Without the images, reproduce each line of the material exactly.

Information supplied:
____________________

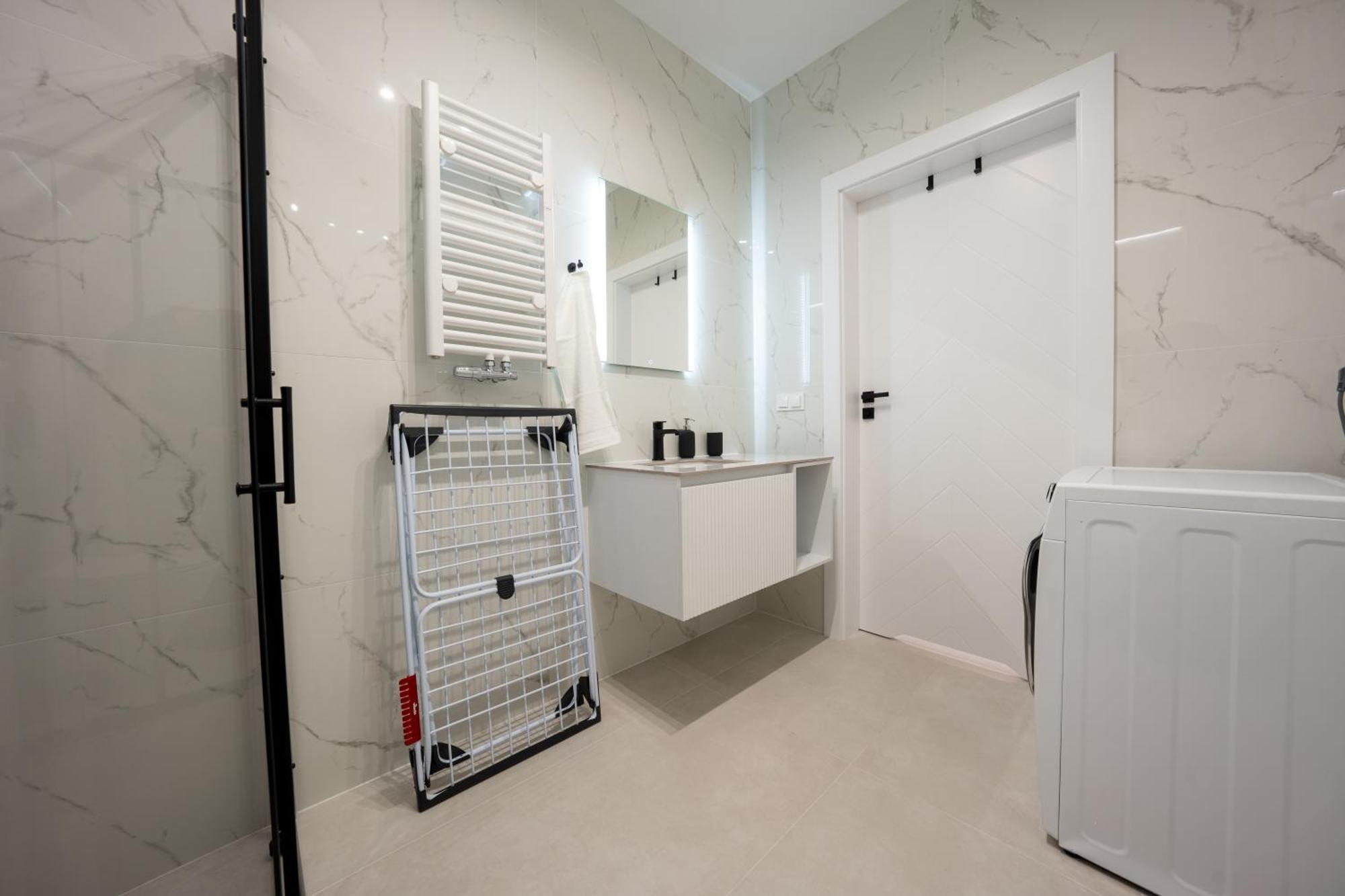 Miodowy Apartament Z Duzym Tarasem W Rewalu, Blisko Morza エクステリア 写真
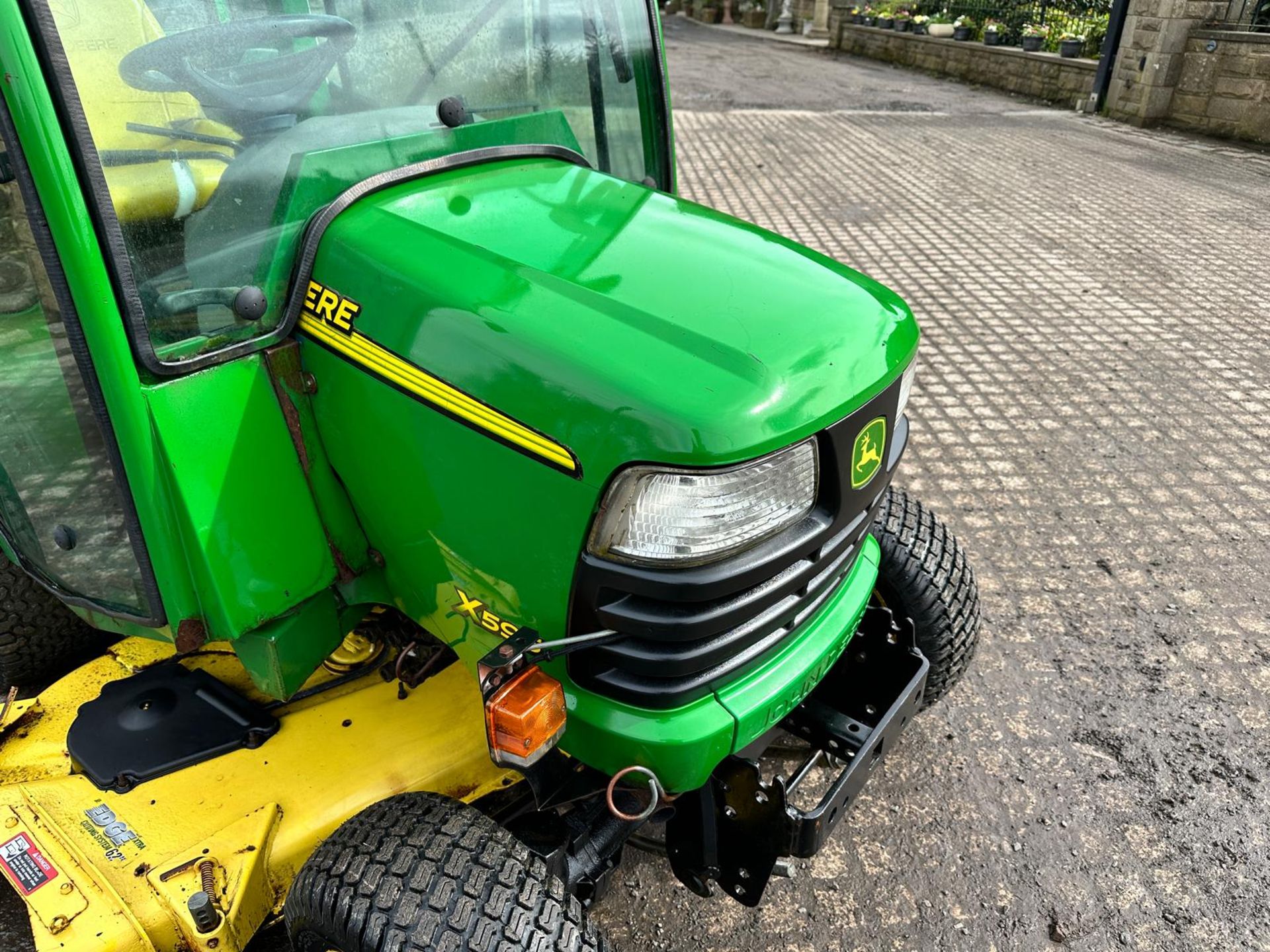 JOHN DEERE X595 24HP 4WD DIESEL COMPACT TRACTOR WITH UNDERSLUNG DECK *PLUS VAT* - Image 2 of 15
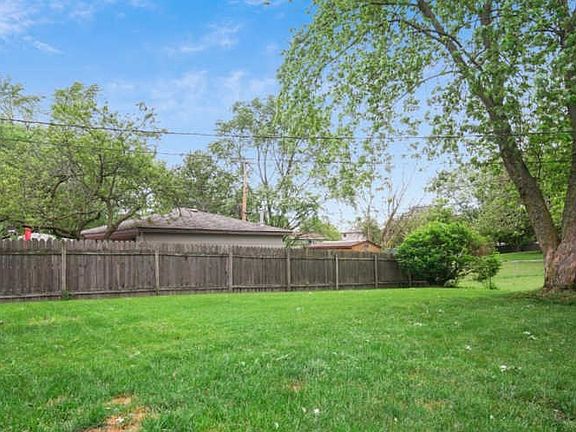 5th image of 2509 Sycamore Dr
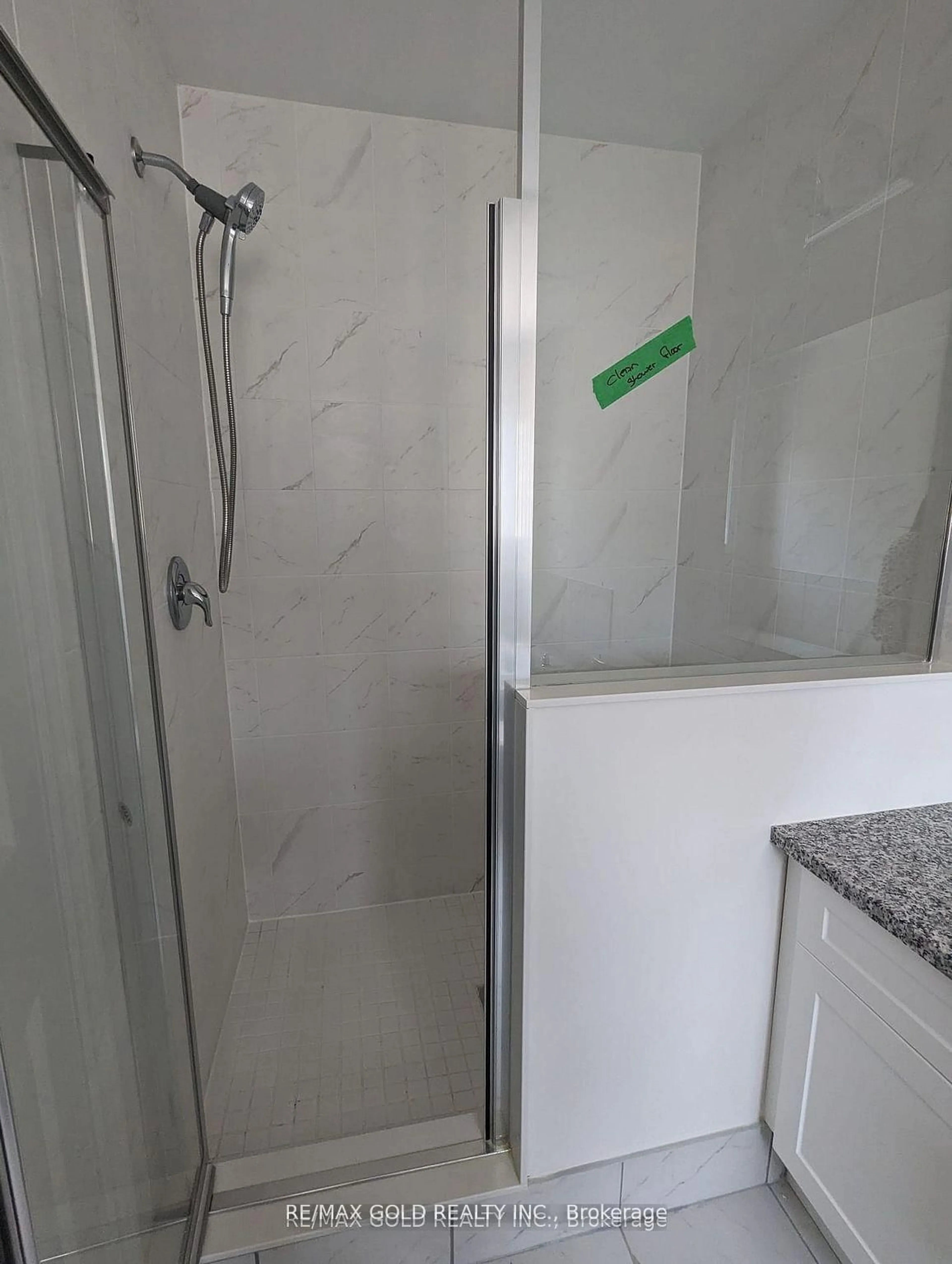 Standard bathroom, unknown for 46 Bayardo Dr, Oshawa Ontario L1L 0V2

____________________

Solution for this problem:
 Miodowy Apartament Z Duzym Tarasem W Rewalu, Blisko Morza エクステリア 写真
 JOHN DEERE X595 24HP 4WD DIESEL COMPACT TRACTOR WITH UNDERSLUNG DECK *PLUS VAT* - Image 2 of 15
 5th image of 2509 Sycamore Dr
 Standard bathroom, unknown for 46 Bayardo Dr, Oshawa Ontario L1L 0V2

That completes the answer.